Pesce Spada alla Ghiotta

Esecuzione: Ponete in infusione nel vino bianco i filetti di pesce spada e lasciateli per qualche minuto. Lavate e tagliate a dadini i pomodorini. Metteteli in una padella antiaderente con i capperi, l’acciuga, l’origano, lo spicchio d’aglio, il peperoncino e cuocete per 10 minuti circa.

Filetti di Pesce Persico al Pomodoro

Esecuzione: in una padella antiaderente rosolate il vino bianco con l’aglio, la cipolla e il prezzemolo. Aggiungete i filetti di pesce e il pomodoro, cuocete per 15 minuti circa a fuoco basso.

Bistecche alla Pizzaiola

Esecuzione: con il batticarne schiacciate le fettine di manzo, lavate e tagliate a metà i pomodorini, schiacciateli e lasciate colare l’acqua di vegetazione. In una teglia mettete a crudo i pomodorini, un’abbondante presa d’origano, il sale, i capperi e lasciate cuocere a fiamma bassa. Quando la salsa sarà pronta, mettetevi le bistecche a fiamma viva e il pepe, coprite e lasciate cuocere per qualche minuto.
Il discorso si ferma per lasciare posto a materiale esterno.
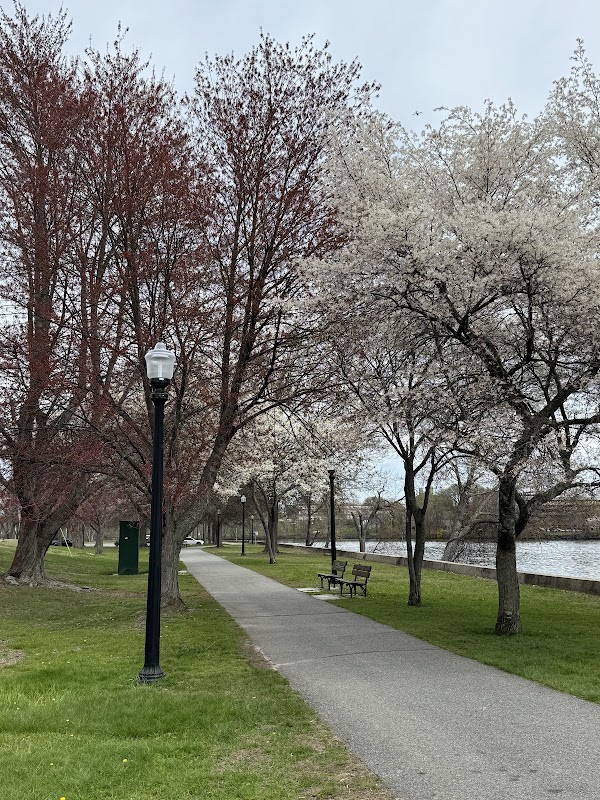 Sheehy Memorial Park grounds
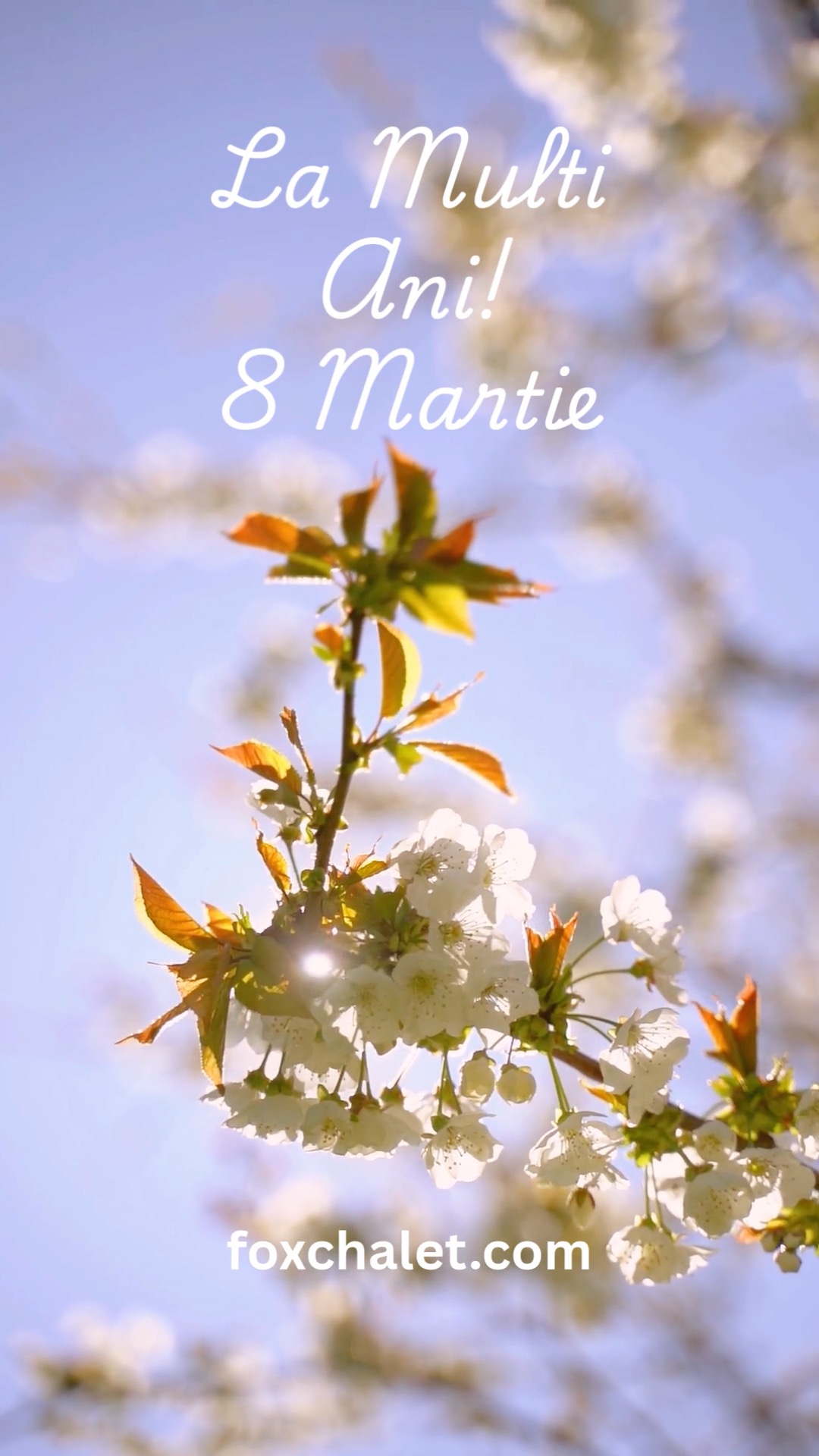 🇷🇴
Astăzi sărbătorim puterea, energia și blândețea pe care femeile o aduc în lume.
La mulți ani de 8 Martie din partea echipei Fox Chalet. Vă dorim zile pline de aer curat de munte, mese împreună cu cei dragi și momente de tihnă binemeritată.
Vă așteptăm în Bucovina.
🇬🇧
Today we celebrate the strength, warmth, and quiet magic that women bring to the world.
Happy March 8th from all of us at Fox Chalet. May your days be filled with fresh mountain air, laughter around the table, and moments of well-deserved rest.
Come celebrate with us in Bucovina.
🔗// Learn more in our bio link
#FoxChalet | #FoxChaletBucovina | #WomensDay | #March8 | #Bucovina | #VisitBucovina | #RomaniaTravel | #MountainRetreat | #SlowTravel #8martie #lamultiani #ziuafemeii #regenerativetravel #cazareinbucovina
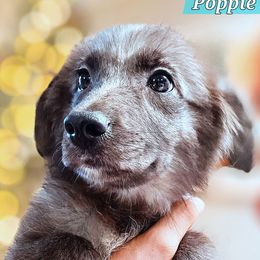 Poppie - Blue merle female Miniature Australian Shepherd puppy in Punta Gorda, Florida from Christie's Creekside Aussies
Minestrone di Verdure con Stelline

Esecuzione: nettate tutte le verdure e versatele in una pentola con acqua bollente salata, dopo circa 20 minuti, passate le verdure e tenetele da parte. Nel brodo di verdura fate cuocere le stelline.

Frittata di Verdure

Esecuzione: lavate le verdure, tagliatele e mettetele in una pentola antiaderente con lo scalogno tritato, sale e 4 cucchiai di acqua. Fate cuocere per una decina di minuti. Battete le uova con la noce moscata e il sale. Scaldate una padella antiaderente, versatevi le uova e lasciatele rapprendere.

Asparagi allo Yogurt

Esecuzione: tagliate gli asparagi a pezzetti, lavate e tritate un mazzetto di prezzemolo con l’aglio. In una teglia antiaderente, fate dorare gli asparagi con il trito d’aglio e prezzemolo, ½ dado, il vino bianco e ½ bicchiere d’acqua, coprite il recipiente e lasciate cuocere a fiamma bassa per 10 minuti. Versatevi lo yogurt e fate mantecare per qualche minuto.

Pasta e Lenticchie

Esecuzione: versate le lenticchie in una pentola capiente con la carota intera, i pomodorini schiacciati, l’aglio, la cipolla, l’alloro e ½ bicchiere d’acqua. Lasciate cuocere piano a recipiente coperto per 10 minuti. Salate. Cuocete la pasta al dente e ponetela in una zuppiera con le lenticchie, da cui avrete tolto la foglia d’alloro, la carota e l’aglio.

Nei menu trovate la dicitura “salse a piacere”. Qualche esempio? Yogurt con mentuccia, yogurt con salsa di soia, yogurt e rabarbaro o, ancora, pomodoro, acciughe tritate e tabasco e pomodoro, aglio, cipolla e peperoncino.